I didn’t like this. “Don’t get hurt.”

Katie nodded. “Not a whole lot somebody could do to me now, Banana.”

“Still,” I said. “Be careful.”

Samantha drove me back to my house and helped me cook the ingredients into a stew. It took most of the evening brewing it according to Hilda’s recipe. The instructions said that the broth needed to be served warm, so I poured it into a thermos before Samantha and I made our way back into the woods.

“Do you think this is going to work?” Samantha asked.

I looked over into the woods as the tear into the Dark Place loomed over us. “I sure hope so. I don’t know what will happen if we can’t close that hole soon.”

“I hope so, too. This planet sucks but I kind of like it here.”
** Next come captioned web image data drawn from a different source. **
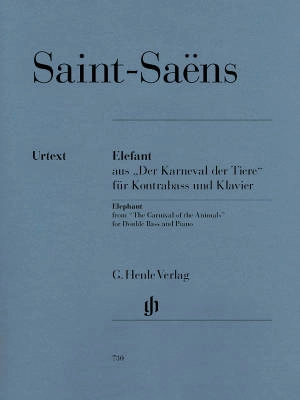 G. Henle Verlag - Elephant from The Carnival of the Animals - Saint-Saens/Glockler - Double Bass/Piano - Sheet Music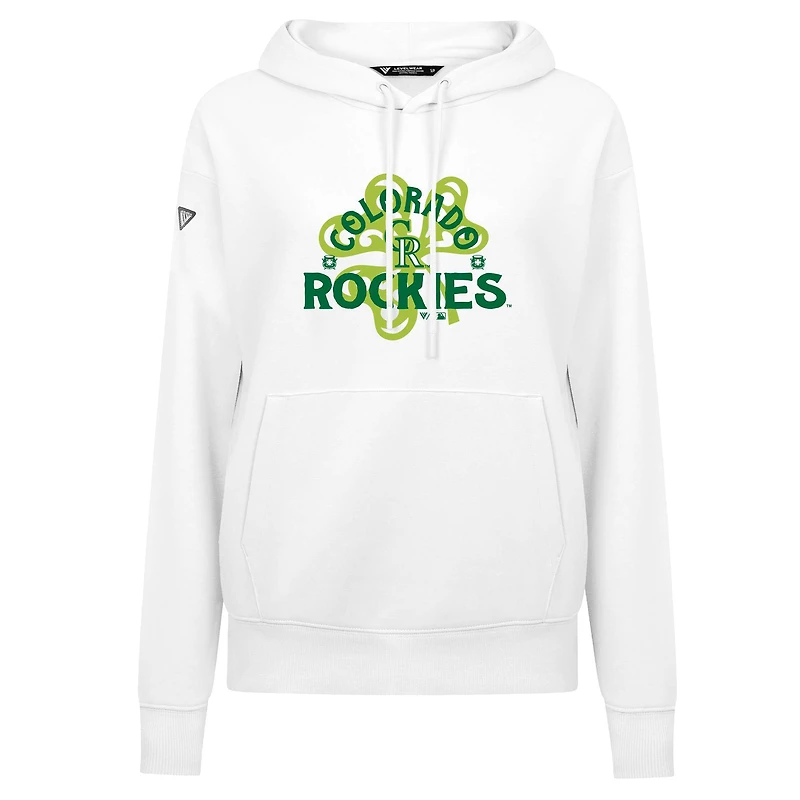 Women's Levelwear  White Colorado Rockies St. Patrick's Day Adorn Shamrock Pullover Hoodie
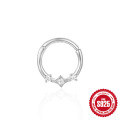 wholesale S925 Sterling Silver Star Triangle Diamond Inlaid Cartilage Ear Hoop, Popular Nose Ring-0-6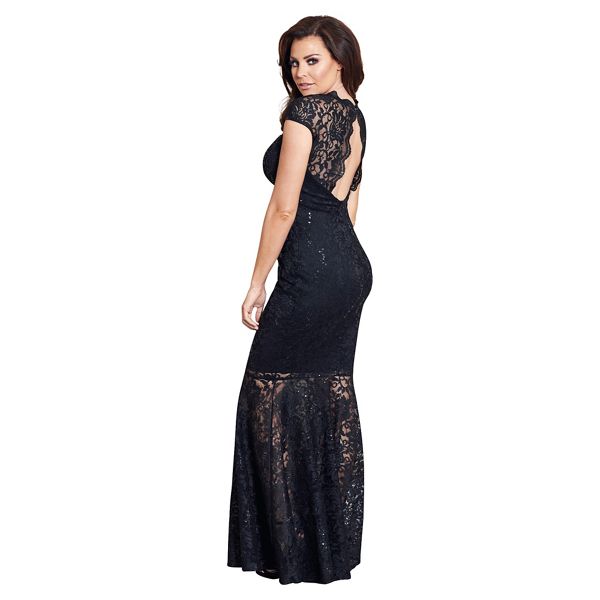 Designer Jessica Wright for Sistaglam Black 'Alexus' lace keyhole maxi dress with scallop detail 63563_1950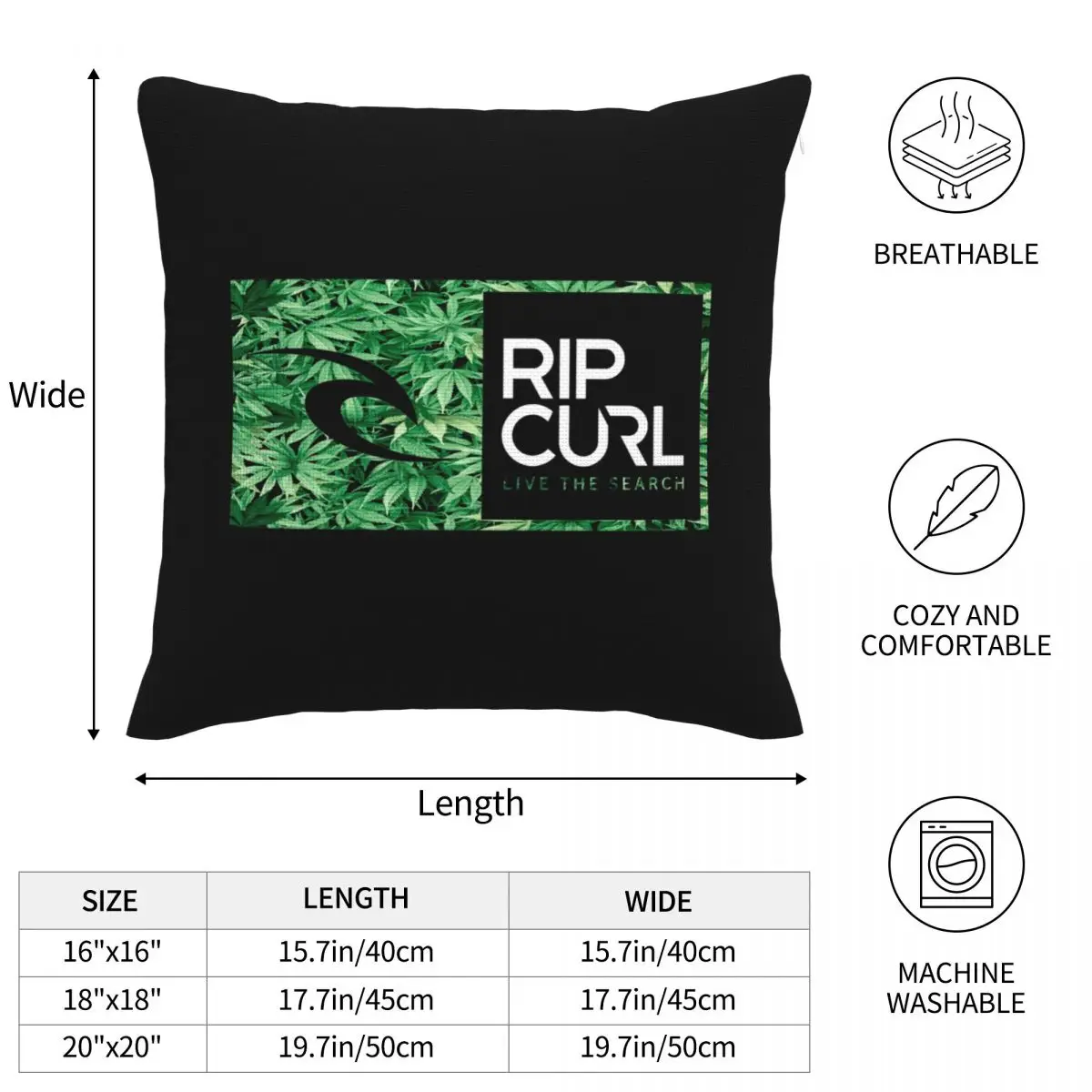 Зимняя льняная наволочка Ripcurl M Гаваи Hi Finley Watu Nwt для комнаты на молнии |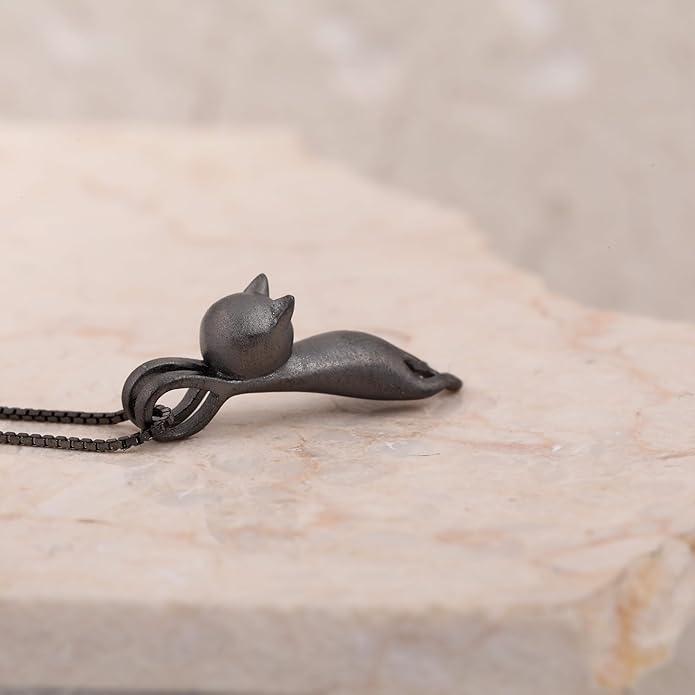 S.Leaf Sterling Silver Cat Necklace - Kitten Jewelry for Cat Lovers - Themed Gifts for Women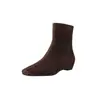 Botas delgadas de cuero cómodas y versátiles de tacón bajo 2026 otoño e invierno tacón bajo punta cuadrada cuero genuino casual color liso botas cortas para mujer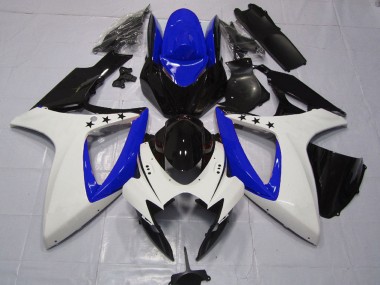 Cheap 2006-2007 Suzuki GSXR 600 / GSXR 750 Motorcycle Fairings - White Blue Glossy Black Star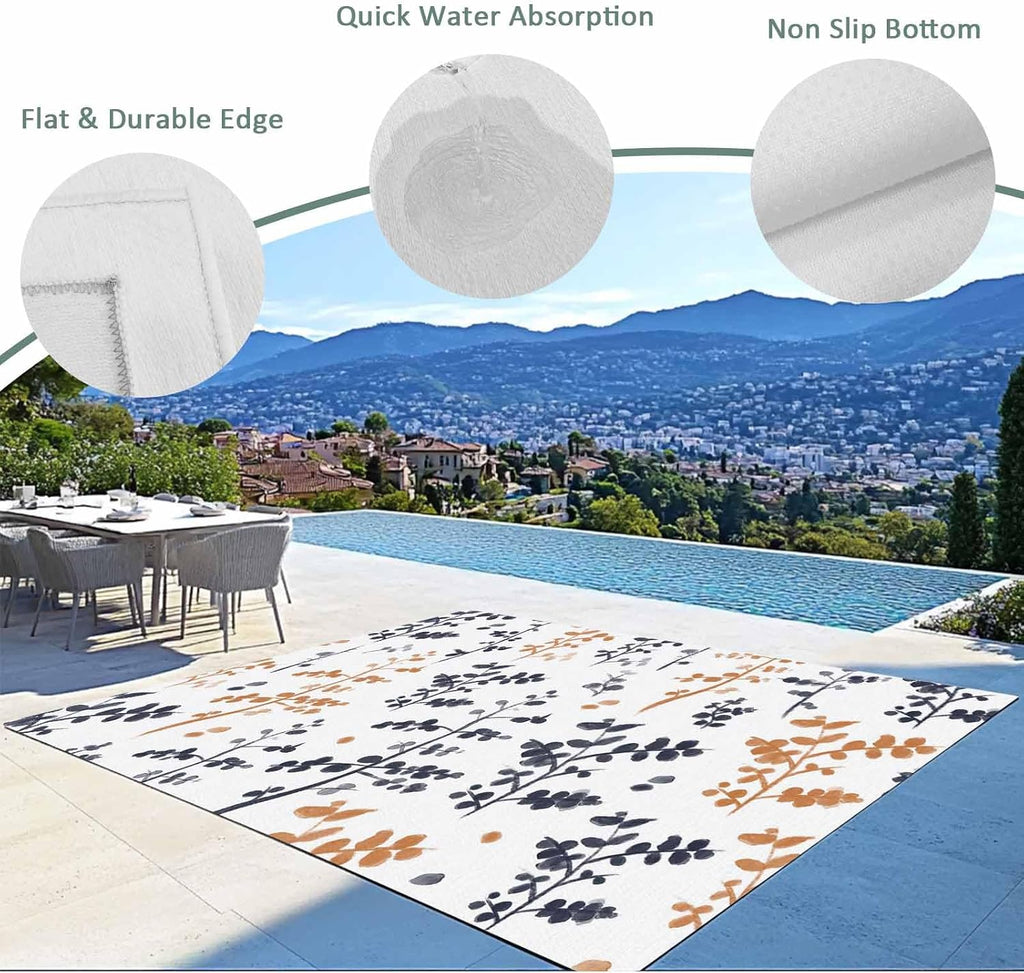 Outdoor Rug 4x6ft Black Orage Leaves Abstract Herb Patio Area Rugs Waterproof Easy Cleaning Non Shedding Thick Mats Country Carpet for Indoor Outdoor Porch Deck Backyard Balcony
“Me too,” I said with a smile.

When we had walked far enough into the woods that I couldn’t see the lights from my house, Samantha set down the enchanted bird cage, and I opened the thermos.

“At least this smells better than the pie,” I said. “Tastes better too.”

“Yuck, you tasted the pie?”

I walked away from the cage and knelt in the bushes near it. “Katie made me.”

“How can a ghost make you do anything?”

“It’s not because she’s a ghost. It’s because she’s my friend, and I love her.”

Samantha knelt next to me. “You really do love her, don’t you?”

“Of course I do. I would do anything for her.”

Samantha stared at the cage. “Did you date, when she was alive?”

“No.” My eyes dropped to the ground. “I didn’t even know she liked me like that until after she was dead.”

“And you liked her, I assume.”

I bit my lip. “I loved her. I still love her.”

“That must be a bummer.”

“That’s an understatement.”

Samantha closed her eyes tightly. “I left my boyfriend in Germany. Hardest thing I ever had to do. Couldn’t even imagine what I would do if I couldn’t see him again.”

“Luckily, I can see her again.”

“For now.”

I turned to her. “What does that mean? For now?”

Samantha looked up at the hole to the Dark Place. “When we close that up, she’ll have to go back, won’t she? I mean, we can’t just have ghosts hanging around here.”

I had never thought about that before. I just assumed she would be back forever, but that wasn’t true, was it? If we succeeded, she would have to go back to the Dark Place, forever, and sooner or later she would forget about me, and devolve into a primordial ooze.